- **Activity**
Starting at the top of the records below and ending with the line that contains "Adidas Men's Black", print each line exactly as written, skipping the pictures.

- **Data provided**

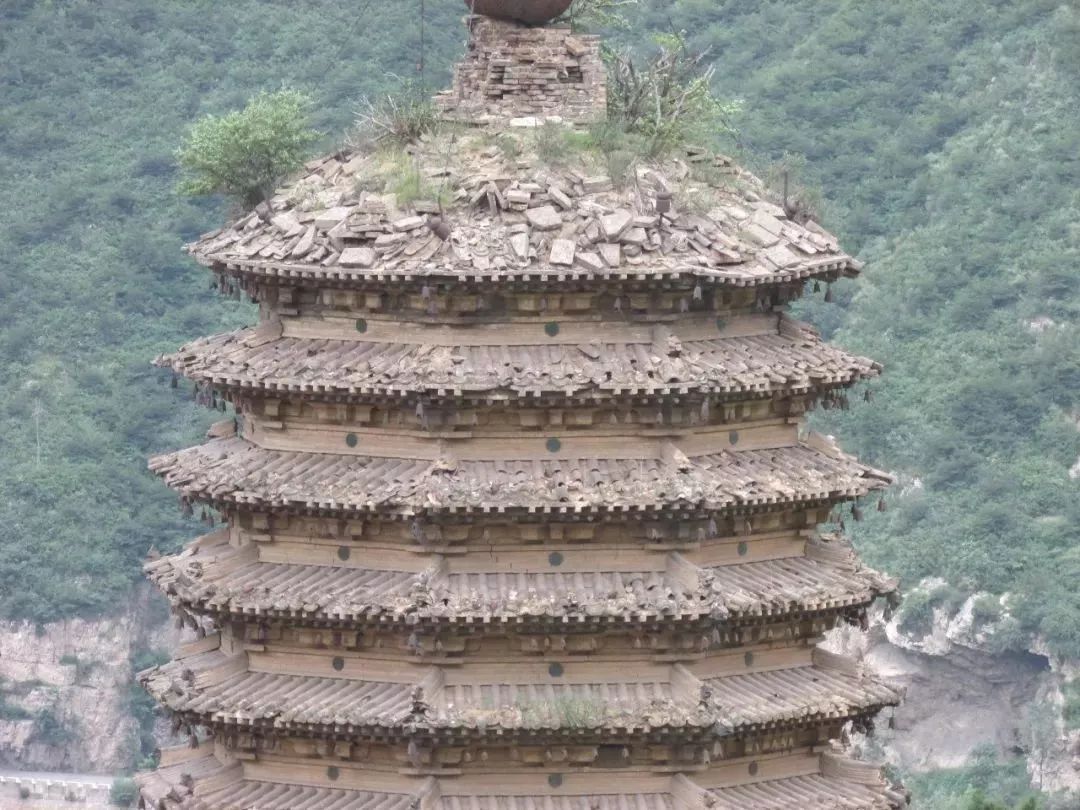 塔若有灵|930岁高龄!灵丘觉山寺辽代古塔重现真颜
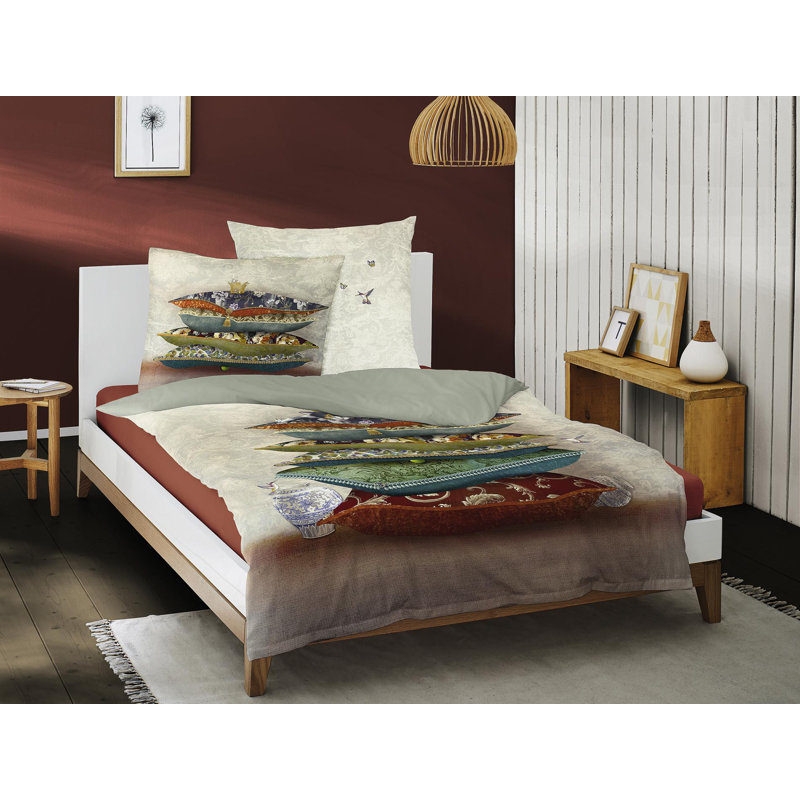 Juwel Duvet Cover Set, Single - 1 Pillowcase (80 x 80 cm)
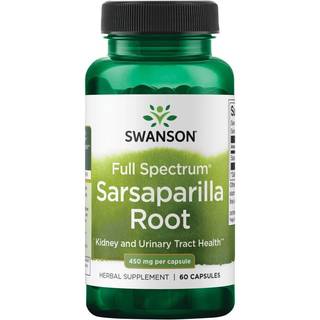 Fuldspektret Sarsaparillarod, 450 mg - 60 kapsler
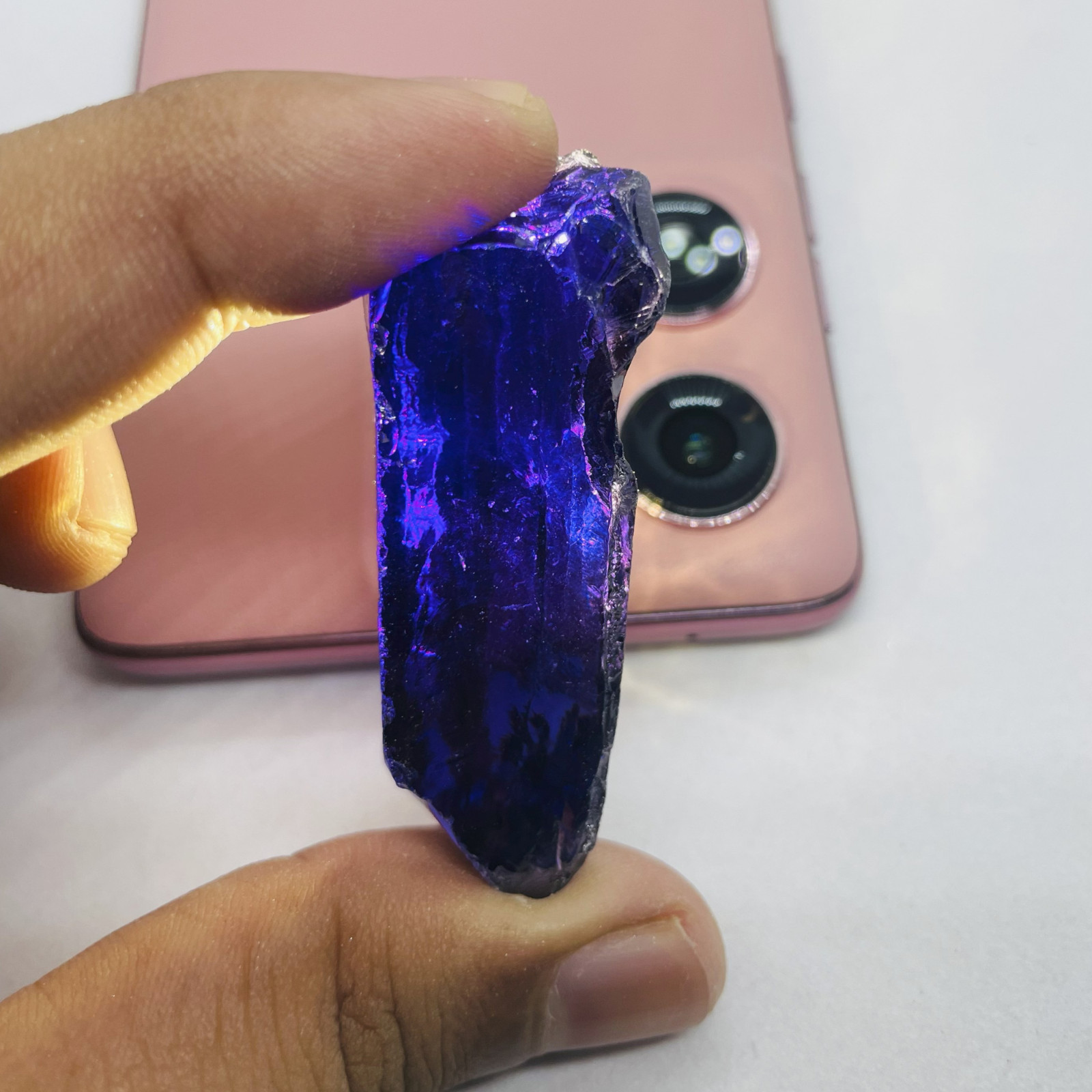 500CT Rough Blue Zircon Natural Stone | Healing Raw Crystal for Spiritual Energy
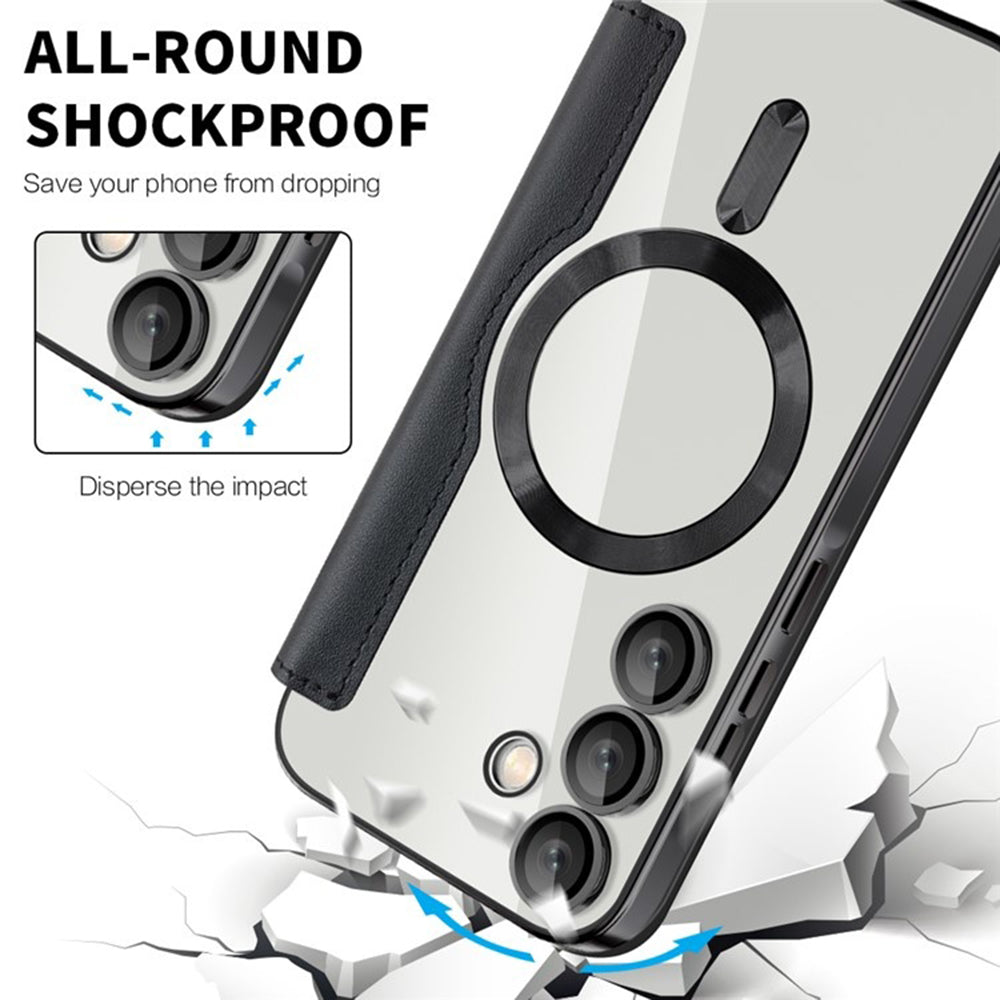 Husa de protectie Techsuit SmartMag Book compatibil cu Samsung Galaxy A35 5G, Negru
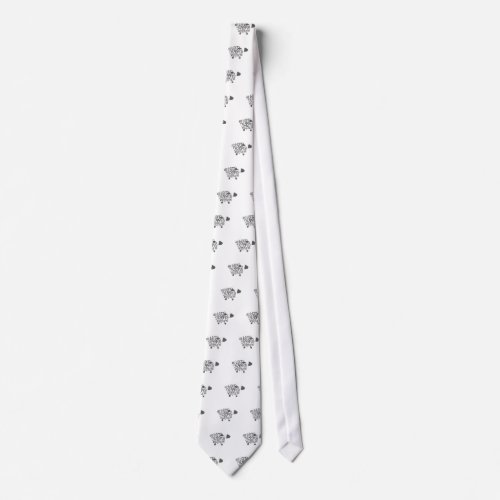 He Left The 99 Sheep Christian Quotes Bible Verse Neck Tie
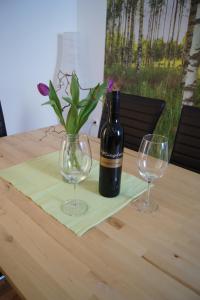 Nápoje v ubytovaní Riegler`s Weinhof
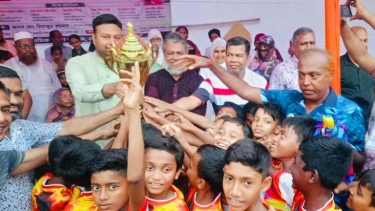 মেহেন্দিগঞ্জে প্রাথমিক বিদ্যালয় গোল্ডকাপ: বালিকায় চানপুর, বালকে টিটিডিসি চ্যাম্পিয়ন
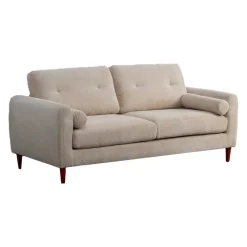 Sofá de Salón en Tejido Color Crema 195 cm 615562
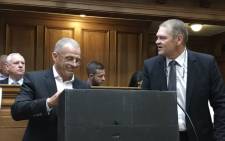 Well-known advocate, Gerrie Nel (left) is assisting Reshall Jimmy's family. Picture: Kevin Brandt/EWN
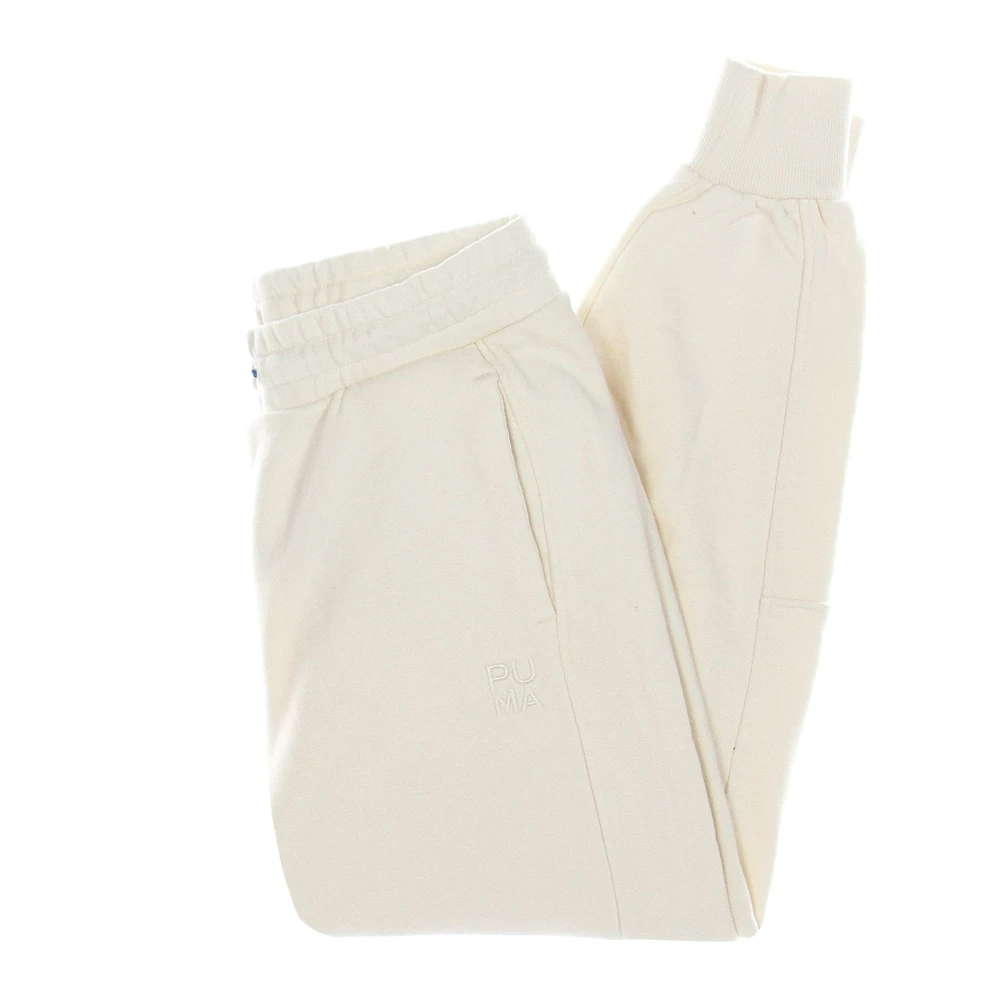 Puma Lichtgewicht trainingsbroek voor vrouwen Beige Dames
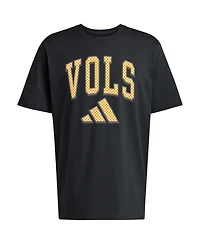 Adidas Men's Black Tennessee Volunteers Checker Fresh T-Shirt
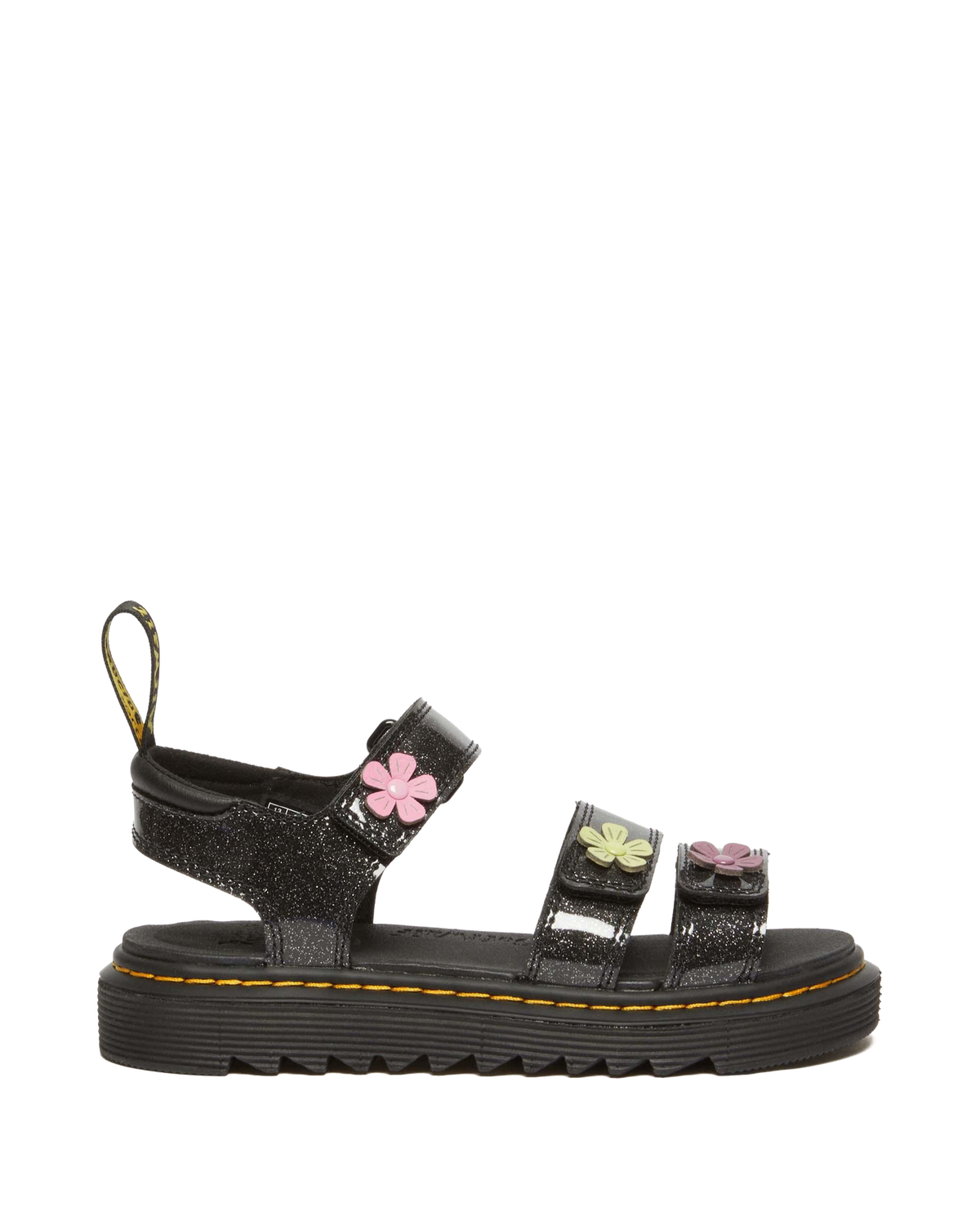 Junior Klaire Coated Glitter Velcro Sandals - view 1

- **Written response**
 塔若有灵|930岁高龄!灵丘觉山寺辽代古塔重现真颜
 Juwel Duvet Cover Set, Single - 1 Pillowcase (80 x 80 cm)
 Fuldspektret Sarsaparillarod, 450 mg - 60 kapsler
 500CT Rough Blue Zircon Natural Stone | Healing Raw Crystal for Spiritual Energy
 Husa de protectie Techsuit SmartMag Book compatibil cu Samsung Galaxy A35 5G, Negru
 He Left The 99 Sheep Christian Quotes Bible Verse Neck Tie
 Nápoje v ubytovaní Riegler`s Weinhof
 মেহেন্দিগঞ্জে প্রাথমিক বিদ্যালয় গোল্ডকাপ: বালিকায় চানপুর, বালকে টিটিডিসি চ্যাম্পিয়ন
 Sofá de Salón en Tejido Color Crema 195 cm 615562
 Well-known advocate, Gerrie Nel (left) is assisting Reshall Jimmy's family. Picture: Kevin Brandt/EWN
 Puma Lichtgewicht trainingsbroek voor vrouwen Beige Dames
 Adidas Men's Black Tennessee Volunteers Checker Fresh T-Shirt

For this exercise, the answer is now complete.